Repository files navigation

Literature Explorer

Discover research papers you may have missed, starting from a .bib file or folder of PDFs. Built on Semantic Scholar and OpenAlex — both free, no API key required.


Structure

core/
  explorer.py   — resolve corpus, build co-citation graph, score & cluster candidates
  search.py     — search and filter the cache interactively
  enrich.py     — fill in missing abstracts via OpenAlex / CrossRef
  viz.py        — generate interactive visualizations
run.py          — one-command pipeline (explore → enrich → visualize)
pipeline.ipynb  — step-by-step Jupyter notebook
requirements.txt

Installation

Python 3.9+ required.

pip install -r requirements.txt

# Only needed if using --pdf-dir
pip install pypdf

Quick start

# Run the full pipeline (explore → enrich abstracts → visualize)
python run.py --bib references.bib

# With keyword focus and clustering
python run.py --bib references.bib --keywords "open data" "data sharing" --cluster 0

# Use a scoring preset
python run.py --bib references.bib --preset recent

Outputs go to outputs/{project_name}/. The cache is saved next to the .bib file as {name}_cache.json.


How it works

  1. Parse your corpus from a .bib file or PDF folder
  2. Resolve each paper via Semantic Scholar (OpenAlex fallback), fetching metadata + full reference/citation lists in one API call per paper
  3. Build a co-citation graph — papers that recur across your corpus's reference and citation lists are strong candidates
  4. Score candidates on co-citation frequency, citation count, recency, and field relevance
  5. Cluster candidates into topic groups using TF-IDF + KMeans (optional)
  6. Output a Markdown report split into Core and Periphery, a .bib file, and interactive visualizations

run.py — full pipeline

python run.py --bib references.bib [options]
Option Description
--bib FILE Path to .bib file
--pdf-dir DIR Path to folder of PDFs (alternative to --bib)
--out DIR Output root directory (default: outputs/)
--keywords KW ... Focus keywords to re-weight scoring
--preset Scoring preset: balanced (default), highly-cited, recent, interdisciplinary
--cluster N Cluster candidates into N topic groups; 0 = auto-detect best k
--top N Top N candidates in visualizations (default: 50)
--no-viz Skip visualization step
--dry-run Skip abstract enrichment API calls

core/explorer.py — explore

Resolves your corpus and produces ranked recommendations.

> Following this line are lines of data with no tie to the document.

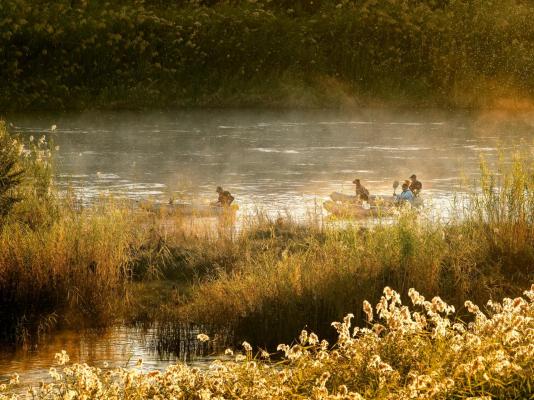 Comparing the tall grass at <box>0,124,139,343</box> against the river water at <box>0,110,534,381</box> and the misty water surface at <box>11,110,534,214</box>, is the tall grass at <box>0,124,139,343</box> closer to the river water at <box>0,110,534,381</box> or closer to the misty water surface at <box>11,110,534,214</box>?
the river water at <box>0,110,534,381</box>

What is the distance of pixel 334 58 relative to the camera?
204 ft

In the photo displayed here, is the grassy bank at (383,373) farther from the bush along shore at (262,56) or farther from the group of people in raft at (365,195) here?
the bush along shore at (262,56)

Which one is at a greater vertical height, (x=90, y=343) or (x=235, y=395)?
(x=235, y=395)

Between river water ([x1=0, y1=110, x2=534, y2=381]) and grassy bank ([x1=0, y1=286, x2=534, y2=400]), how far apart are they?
13.6ft

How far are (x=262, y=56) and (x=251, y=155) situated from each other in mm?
23948

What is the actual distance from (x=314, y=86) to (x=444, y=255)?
157 ft

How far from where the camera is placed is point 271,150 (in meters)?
40.7

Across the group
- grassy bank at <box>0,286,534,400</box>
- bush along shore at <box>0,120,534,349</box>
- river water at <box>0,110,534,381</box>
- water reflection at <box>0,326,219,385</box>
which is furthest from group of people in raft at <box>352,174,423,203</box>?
grassy bank at <box>0,286,534,400</box>

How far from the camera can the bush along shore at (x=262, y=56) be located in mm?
58969

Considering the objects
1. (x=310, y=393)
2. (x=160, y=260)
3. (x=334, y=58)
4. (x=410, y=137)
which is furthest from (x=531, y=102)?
(x=310, y=393)

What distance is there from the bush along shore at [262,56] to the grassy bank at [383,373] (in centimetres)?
4909

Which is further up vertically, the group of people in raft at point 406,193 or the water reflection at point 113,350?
the group of people in raft at point 406,193

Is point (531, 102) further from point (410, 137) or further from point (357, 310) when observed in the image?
point (357, 310)

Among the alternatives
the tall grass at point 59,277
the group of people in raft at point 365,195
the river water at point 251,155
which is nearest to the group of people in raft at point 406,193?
the group of people in raft at point 365,195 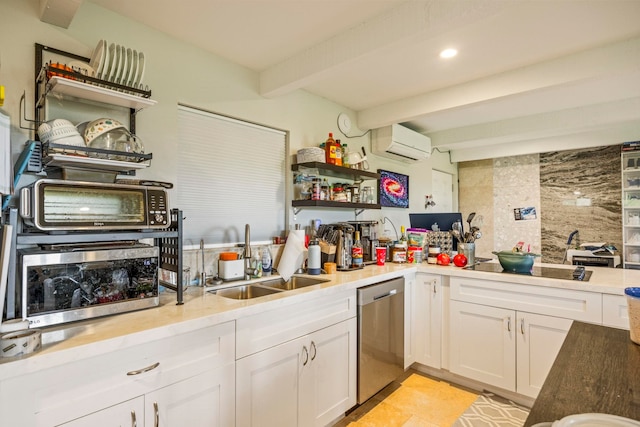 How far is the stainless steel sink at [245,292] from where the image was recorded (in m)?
2.03

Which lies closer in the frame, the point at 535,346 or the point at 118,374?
the point at 118,374

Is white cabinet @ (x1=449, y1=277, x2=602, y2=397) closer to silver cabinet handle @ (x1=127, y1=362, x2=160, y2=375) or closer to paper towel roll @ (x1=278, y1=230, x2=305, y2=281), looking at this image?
paper towel roll @ (x1=278, y1=230, x2=305, y2=281)

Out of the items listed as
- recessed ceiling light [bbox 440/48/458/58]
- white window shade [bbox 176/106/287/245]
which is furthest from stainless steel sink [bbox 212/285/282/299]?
recessed ceiling light [bbox 440/48/458/58]

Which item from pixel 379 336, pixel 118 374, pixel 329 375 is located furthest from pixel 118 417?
pixel 379 336

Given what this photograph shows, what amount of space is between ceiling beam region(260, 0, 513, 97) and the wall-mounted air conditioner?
1401 millimetres

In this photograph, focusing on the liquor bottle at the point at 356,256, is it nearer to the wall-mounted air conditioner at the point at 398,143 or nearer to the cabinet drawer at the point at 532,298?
the cabinet drawer at the point at 532,298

python -m core.explorer --bib references.bib
python -m core.explorer --bib references.bib --keywords "replication" --preset recent
python -m core.explorer --bib references.bib --cluster 5

Scoring presets

Preset co-cite citations recency field
balanced (default) 35% 30% 20% 15%
highly-cited 20% 60% 10% 10%
recent 25% 15% 50% 10%
interdisciplinary 35% 25% 15% 25%

Clustering (--cluster)

Groups the top candidate papers into topic clusters using TF-IDF + KMeans on their abstracts. Each cluster is described by its top 5 terms and top 3 papers by score.

  • --cluster 0 — auto-detect the best number of clusters (via silhouette score, k in 2–8)
  • --cluster 5 — explicitly request 5 clusters

When clustering is active, the co-citation network colours nodes by cluster instead of score quartile, and a Topic Clusters section is appended to the Markdown report.

Options

--bib FILE          Path to .bib file
--pdf-dir DIR       Folder of PDFs (alternative to --bib)
--out DIR           Output directory (default: outputs/)
--cache FILE        Cache file path (auto-derived from bib name by default)
--keywords KW ...   Focus keywords to re-weight scoring
--preset NAME       Scoring weight preset (balanced / highly-cited / recent / interdisciplinary)
--cluster N         Cluster candidates (0 = auto k, N > 1 = explicit k, omit = skip)

core/search.py — search the cache

Search and filter the full paper pool (corpus + all referenced/citing papers) without re-running the pipeline.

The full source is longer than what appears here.